Re: Switching timeline over streaming replication

From: Fujii Masao <masao(dot)fujii(at)gmail(dot)com>
To: Heikki Linnakangas <hlinnakangas(at)vmware(dot)com>
Cc: Amit Kapila <amit(dot)kapila(at)huawei(dot)com>, PostgreSQL-development <pgsql-hackers(at)postgresql(dot)org>, Thom Brown <thom(at)linux(dot)com>
Subject: Re: Switching timeline over streaming replication
Date: 2012-12-20 16:48:35
Message-ID: CAHGQGwHR790c5j7SSJwqjPfjRnWvMfrGPgpXT=Gxv4ghxGL9_Q@mail.gmail.com
Views: Raw Message | Whole Thread | Download mbox | Resend email
Thread:
Lists: pgsql-hackers

On Sat, Dec 15, 2012 at 9:36 AM, Fujii Masao <masao(dot)fujii(at)gmail(dot)com> wrote:
> On Sat, Dec 8, 2012 at 12:51 AM, Heikki Linnakangas
> <hlinnakangas(at)vmware(dot)com> wrote:
>> On 06.12.2012 15:39, Amit Kapila wrote:
>>>
>>> On Thursday, December 06, 2012 12:53 AM Heikki Linnakangas wrote:
>>>>
>>>> On 05.12.2012 14:32, Amit Kapila wrote:
>>>>>
>>>>> On Tuesday, December 04, 2012 10:01 PM Heikki Linnakangas wrote:
>>>>>>
>>>>>> After some diversions to fix bugs and refactor existing code, I've
>>>>>> committed a couple of small parts of this patch, which just add some
>>>>>> sanity checks to notice incorrect PITR scenarios.
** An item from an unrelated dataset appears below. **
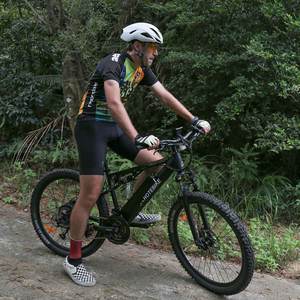 Vélos <span class=keywords><strong>électrique</strong></span>s bon marché pour adultes A6AH26-S 48v 500w Vélo de poche <span class=keywords><strong>électrique</strong></span> 26 ''27.5'' 29 ''VTT <span class=keywords><strong>électrique</strong></span> - Product Image 2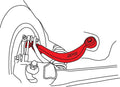 Specialty Products Inc. auto part detail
Here's a new
>>>>>> version of the main patch based on current HEAD.
>>>>>
>>>>>
>>>>> After testing with the new patch, the following problems are observed.
>>>>>
>>>>> Defect - 1:
>>>>>
>>>>> 1. start primary A
>>>>> 2. start standby B following A
>>>>> 3. start cascade standby C following B.
>>>>> 4. start another standby D following C.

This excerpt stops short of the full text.